**Work to be completed:** Exact repetition of the whole listing is what this exercise asks for.

**The data:**

[Start of Attachment]

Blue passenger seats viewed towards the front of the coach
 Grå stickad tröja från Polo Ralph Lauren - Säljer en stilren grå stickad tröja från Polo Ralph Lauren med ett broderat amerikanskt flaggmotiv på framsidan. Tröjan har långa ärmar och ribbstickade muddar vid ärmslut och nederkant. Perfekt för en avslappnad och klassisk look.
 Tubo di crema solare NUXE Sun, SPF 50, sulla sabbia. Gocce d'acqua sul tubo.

[End of Attachment]

**Result:**
Blue passenger seats viewed towards the front of the coach
 Grå stickad tröja från Polo Ralph Lauren - Säljer en stilren grå stickad tröja från Polo Ralph Lauren med ett broderat amerikanskt flaggmotiv på framsidan. Tröjan har långa ärmar och ribbstickade muddar vid ärmslut och nederkant. Perfekt för en avslappnad och klassisk look.
 Tubo di crema solare NUXE Sun, SPF 50, sulla sabbia. Gocce d'acqua sul tubo.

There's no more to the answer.